While Irish dairy farms can be large, and profitable enough to withstand losses of CAP subsides to bigger outfits, Kinsella said smaller farmers can produce milk, even with 100 dairy cows, and make ‘a reasonably good’ income. However, he agrees that Irish farming would be impacted by EU environmental requirements to secure CAP funding, given Ireland’s Environmental Protection Agency said in October that the country’s agricultural sector accounted for 34% of its greenhouse gas emissions. For this reason, Kinsella predicts that some farmers will move into forestry, planting on marginal land, with tree growth hastened by Ireland’s wet climate.
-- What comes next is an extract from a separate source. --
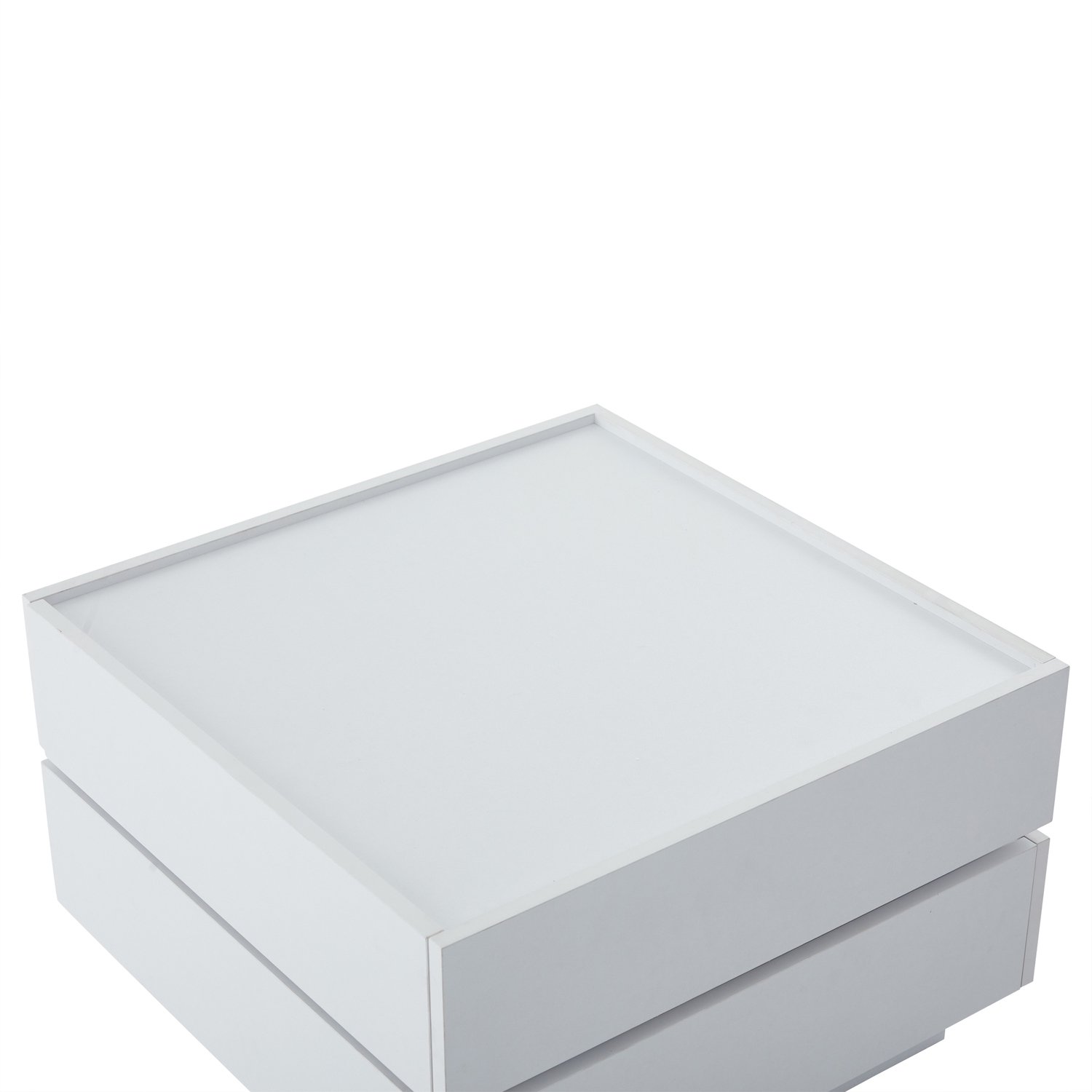 SONNENH 360 graden draaibare salontafel met2 laden - Spaanplaat - 60 x60 cm - Wit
That said, Alan McCarron, partner at Co Mayo accounting firm Dillion McCarron, questions whether the increase in payments for small and medium farms would buck the trend of smaller farmers quitting the business or going part-time. In his western Ireland region of Connacht, small farms of 40–50 acres predominate, and they are unlikely to receive much more than €12,000, and €15,000 at most, from CAP funds annually. With falling beef prices, he says: ‘You have middle-aged farmers getting out of farming or moving onto PAYE and letting their farms limp along.’ As for possible EU environmental rules, he predicted that many farmers would continue to leverage existing tax breaks for turning land over to forestry, rather than conserve peat or wetland within a farming strategy. ‘The trend is set,’ says McCarron, ‘and I don’t think even a 20% increase in grant will influence opinion in the future.’
Time is of the essence
Of course, all these considerations will only come into play if these reforms get through. If so, when? In her mission letter to Wojciechowski, von der Leyen asked for his ‘support to swiftly conclude negotiations’. In one of her first speeches as president, von der Leven laid out her European Green Deal, with the aim of becoming the first climate-neutral continent by 2050, saying ‘this will include extending emission trading to all relevant sectors, clean, affordable and secure energy, the boosting of the circular economy, a farm to fork strategy as well as a biodiversity strategy’.
But the EU is not near to finalising agreement on the CAP reforms, which have yet to be approved by the parliament’s plenary session or the council. The October 2019 meeting of EU agriculture ministers’ communiqué said ‘more work’ was needed on how to target CAP support, and there were ‘divergent views’ on linking spending to environmental ambition.
It would appear there is time for more lobbying, even with Hogan’s departure from the agriculture brief.